Researchers, based at the Department of Genetics, Instituto de Investigación Sanitaria–Fundación Jiménez Díaz University Hospital–Universidad Autónoma in Madrid, have published research on the spectrum of mutations and genes involved in autosomal dominant retinitis pigmentosa (adRP). The research was carried out on 258 unrelated Spanish families with a clinical diagnosis of RP and suspected autosomal dominant inheritance.   The findings, published in the journal IOVS (, demonstrate the capability of defining 60% of genetic causes using a variety of classical and next generation diagnostics.


Historically, a broad number of clinical diagnoses of RP were genetically “unknown”, given limitations in technology and resources however, the Spanish study now indicates that with current tools, 60% of families were able to receive a genetic diagnosis. The landscape of the varying mutations and genes involved provide a valuable data set not only for the immediate families but also for planning of potential gene therapy opportunities and healthcare requirements. Altogether, a total of 114 different SNVs (single nucleotide variants) and CNVs (copy number variants) were identified: the most prevalent mutations seen were p.(Pro347Leu) in the RHO gene, followed by p.(Gly56Arg) in the NR2E3 gene; mutations in 26 different genes were identified – 17 adRP-related genes in 138 families (53.5%), 1 autosomal dominant late-onset retinal degeneration gene in 4 different families (1.6%), 3 X-linked RP associated genes in 8 families (3.1%), and 5 different autosomal recessive IRD associated genes in 5 families (1.9%). Four adRP-associated genes accounted for 62% (96/155) of the RP in the collected families, with the rhodopsin gene (RHO) being the most prevalent, followed by PRPF31, RP1, and PRPH2. In addition, the research indicated that most of the adRP-associated causal variants were missense, except for PRPF31, RP1, CRX, and TOPORS, where loss-of-function variants were most prevalent. Mutations in RHO and PRPF31 were the most prevalent, explaining 21% and 8% of the Spanish families causative genetic origin, followed by RP1 and PRPH2. Of particular interest, was the finding of CNVs as a pathogenic cause behind several families etiology – CNVs refer to structural variation involving DNA segments larger than 1 kilobase in which there is a relative gain or loss of copy number, relative to a reference genomic sequence. In the study, eight CNVs affecting three different adRP genes in seven unrelated families were identified. The prevalence of CNVs was 3.1% (8/258), accounting for 5% (8/160) of all the identified variants.

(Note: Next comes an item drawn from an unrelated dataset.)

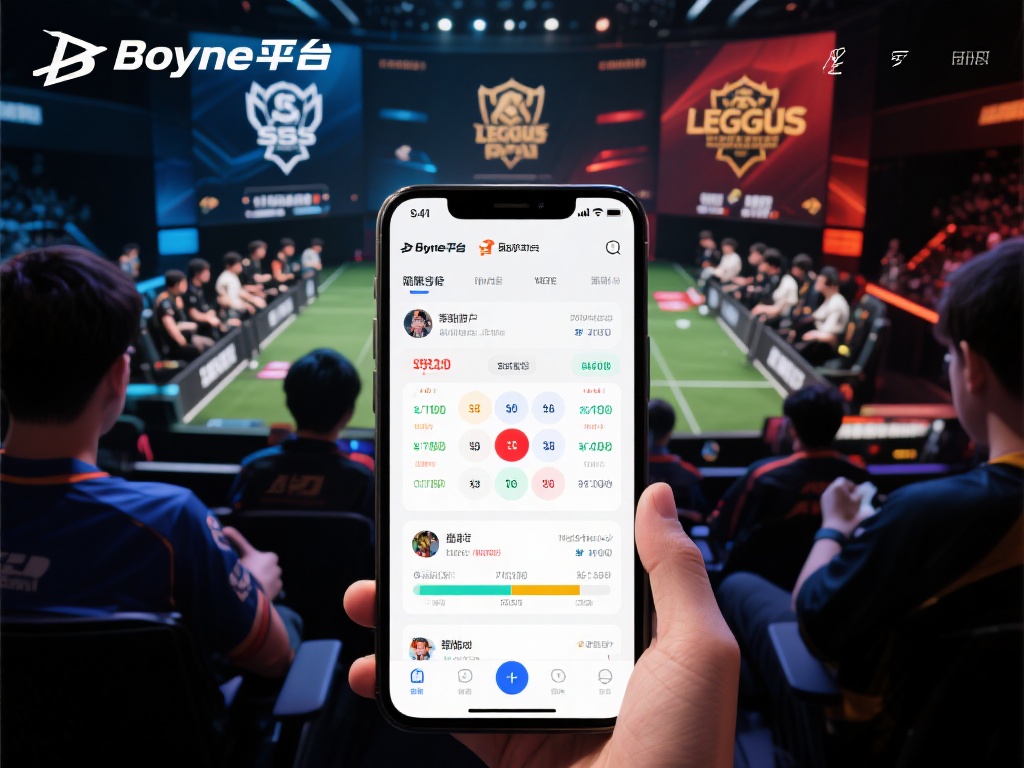 对于电竞爱好者而言，观看比赛本身就是一种享受，而通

In concluding their study, the Spanish research group stated that, “the combination of different strategies in adRP molecular testing over time has allowed us to achieve high diagnostic rates in our Spanish cohort. Our study confirms the great diagnostic value of gene panel–based NGS (next generation sequencing) tools, which currently represent the most reliable, cost-effective, and efficient approaches for identifying not only disease-causing SNVs, but also CNVs in adRP families.”